# Task item
Without the images, repeat every line of the listing verbatim.

# Collected data
######

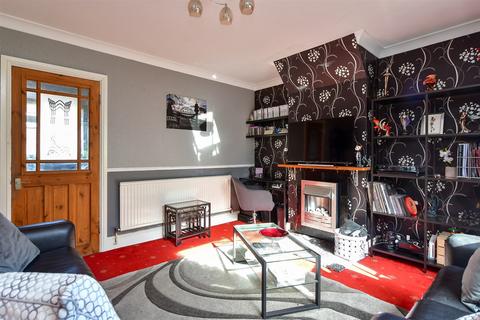 2 bedroom semi-detached house for sale, Birch Grove Crescent, Brighton, East Sussex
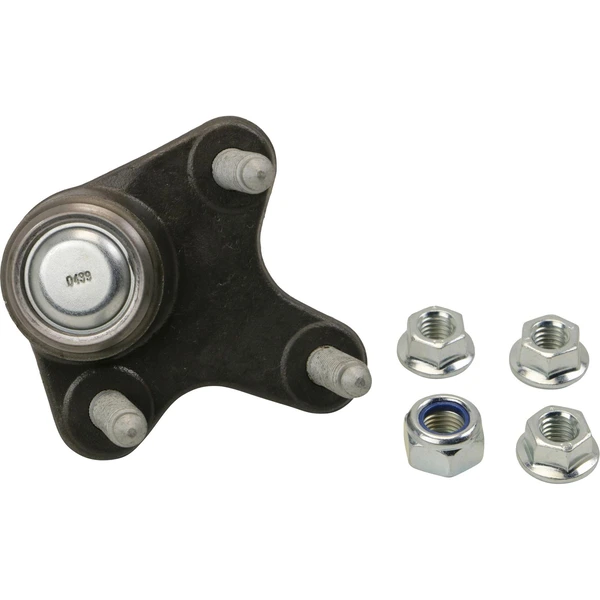MOOG K500390 Suspension Ball Joint, Front Left Lower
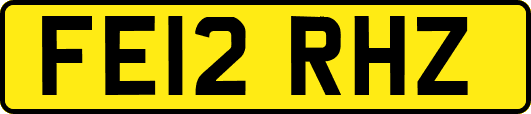FE12RHZ
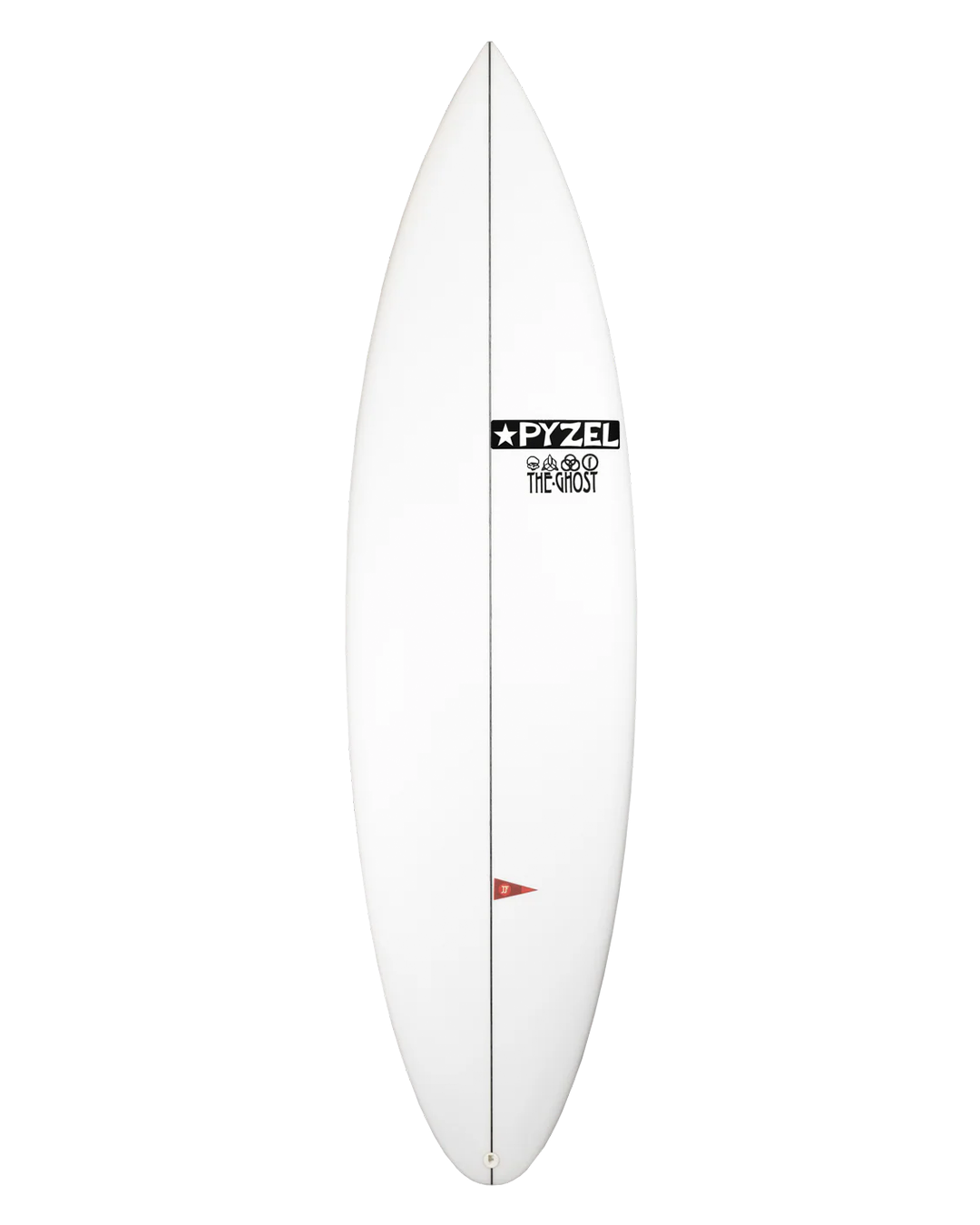 Pyzel Ghost (Special Order)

######

# Solution for this problem
 2 bedroom semi-detached house for sale, Birch Grove Crescent, Brighton, East Sussex
MOOG K500390 Suspension Ball Joint, Front Left Lower
FE12RHZ
 Pyzel Ghost (Special Order)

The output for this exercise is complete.